As an East German who had moved to the West just before the construction of the Berlin Wall, Baselitz’s heroic figures demonstrate the fractured sense of identity of postwar Germany. Like his contemporaries Gerhard Richter and Sigmar Polke, Baselitz sought a new pictorial language in order to carry on with the act of painting in the decades following World War II, as the specter of war still lingered over many aspects of daily life. Like Baselitz’s New Types and Heroes of the mid-1960s, the Glasstrinker (Glass Drinkers) and Orangenesser (Orange Eaters) can be understood in similar terms, where a conflicted figure struggles with the existential terms of his own reality in a fundamentally altered, modern world. Then as now, these paintings are seen as powerful emblems that reflect the artist’s attempt to create meaningful work in a still-divided Germany that stood at the brink of the Cold War’s end. Indeed, Donald Kuspit noted the particular power of the series when Trinker am Tisch (Drinker at Table) was exhibited in New York at Xavier Fourcade in 1983: “These paintings are not only upside-down, they are inside-out: the figures have a flayed, raw look that goes with spiritual nakedness…The ‘reversible world,’ the sense of ‘topsy-turvydom’ — of everything stood on its head — is also a comic acknowledgment of the world’s craziness, a picaresque way of calling it into questionableness. Very simply, it is a way of…negating what seems the proper order of things…used to renew the failing criticality that is the soul of modernism.” (Donald Kuspit, “Georg Baselitz at Fourcade,” Art in America, February 1982, pp. 139-40)

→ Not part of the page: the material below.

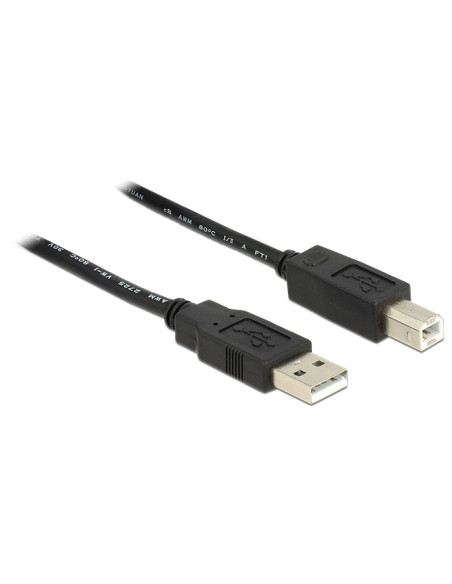 Delock 20M, Usb2.0-A - Usb2.0-B Kabel Usb Usb A Usb B Czarny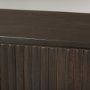 69883 - Terra 72L x 18W x 32H Dark Brown Wood Fluted Sideboard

Although he never sought to deliberately emulate the work of past masters, the Glasstrinker (Glass Drinkers) and Orangenesser (Orange Eaters) were nevertheless influenced by the German Expressionists, especially artists such as Ernst Ludwig Kirchner and Emil Nolde of Die Brücke. “These works represent my reaction to expressionist art during the ‘80s," Baselitz explained. “I had always loved expressionist painting, like every European. In fact I admired it all the more because these were precisely the paintings desired by my father’s generation. Their denouncement made them especially appealing to me as a human being...” (Georg Baselitz, quoted in P. Kort, op. cit., p. 207)

An important painting from a crucial moment in history, Trinker am Tisch (Drinker at Table) illustrates the highly expressive and brilliantly colored portrayals of the human figure that crystalized during this fruitful period. A few months after it was painted, Baselitz selected the present work to be one of only four painting that he exhibited at the Xavier Fourcade Gallery in March of 1983. There, Trinker am Tisch (Drinker at Table) was exhibited alongside Nachtessen in Dresden [Supper at Dresden], also painted in 1983, and now in the collection of the Kunsthaus Zürich. The painting then traveled to London, Amsterdam and Basel as part of the artist’s European retrospective later that year.